ИнтервьюКультура

Сохраняя, двигаться вперед

15 февраля училищу им. Гнесиных исполняется 125 лет

Этот материал вышел в номере № 15 от 12 февраля 2020
Читать
Сохраняя, двигаться вперед
Фото: Светлана Виданова / «Новая»

Часы пробили без четверти четыре. Правда, когда обернулась, стало понятно, что стрелки этих — напольных, с массивным корпусом и маятником — давно замерли на без четверти, а били другие, маленькие, и было на самом деле ровно три часа дня.

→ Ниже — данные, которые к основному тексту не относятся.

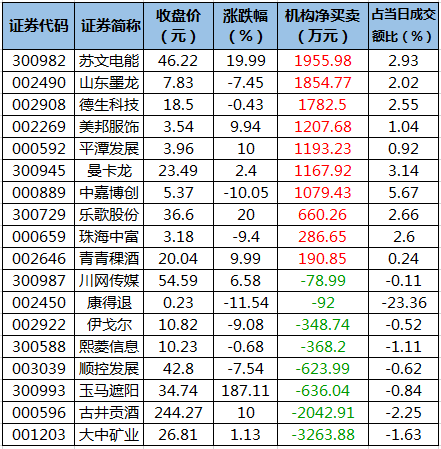 5月24日龙虎榜机构净买入个股。png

— Это часы старинные, они помнят нашего основателя — Елену Фабиановну Гнесину, — объяснила проректор училища Дина Кирнарская. — Это были их семейные часы.

Из-за монитора Macintosh’а показалось лицо секретаря: «Ректор вышел недавно, скоро вернется». По радио увлеченно о чем-то рассказывали.

Из двери напротив показался человек с располагающим лицом — ректор РАМ им. Гнесиных Александр Рыжинский.

— Вы ко мне?

— К вам.

Мы, все трое, заняли места за столом друг напротив друга.

— 15 февраля 125 лет назад первая ученица поступила в Гнесинское училище. О ней что-то известно?

Дина Кирнарская. Фото: zaryadyehall.com
Дина Кирнарская. Фото: zaryadyehall.com

Дина Кирнарская:Во всяком случае, известно, что знаменитостью эта девушка не стала. В этом как раз проявляется демократичность Гнесинской школы: с самого начала в ней учились и те, кто впоследствии стал профессионалом, и те, кто им не стал, что собственно, самое важное: аудитория для нас — всё.

Александр Рыжинский:Мы и сейчас всегда предупреждаем: не все учащиеся музыкальной школы обязательно должны стать профессиональными музыкантами.

Д. К.:Не только школы, но и училища. Музыка дает человеку столько, что он может чувствовать себя комфортно в любой профессии.

— Когда говорят о Гнесинке, имеют в виду «гнесинскую школу» — не место, а методику преподавания. Что это за методика, как она изменялась со временем?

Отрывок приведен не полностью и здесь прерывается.